### Task to carry out:
Produce an exact copy of all the data below, dropping every image.

### Raw data:
------------------------
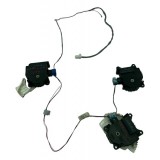 Conjunto Atuador Caixa Evaporadora Toyota Corolla Altis 2011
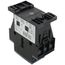 3 Pole, 9 Amp, 1NO/1NC, 24V Power Contactor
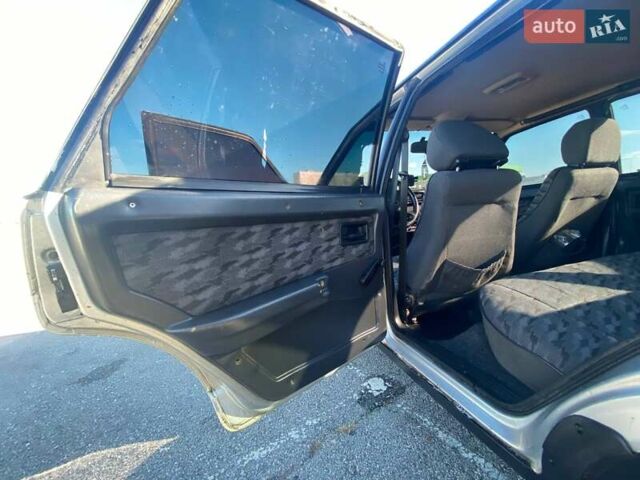 Серый ВАЗ 2109, объемом двигателя 1.5 л и пробегом 200 тыс. км за 1800 $, фото 17 на Automoto.ua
------------------------
### Written response:
 Conjunto Atuador Caixa Evaporadora Toyota Corolla Altis 2011
 3 Pole, 9 Amp, 1NO/1NC, 24V Power Contactor
 Серый ВАЗ 2109, объемом двигателя 1.5 л и пробегом 200 тыс. км за 1800 $, фото 17 на Automoto.ua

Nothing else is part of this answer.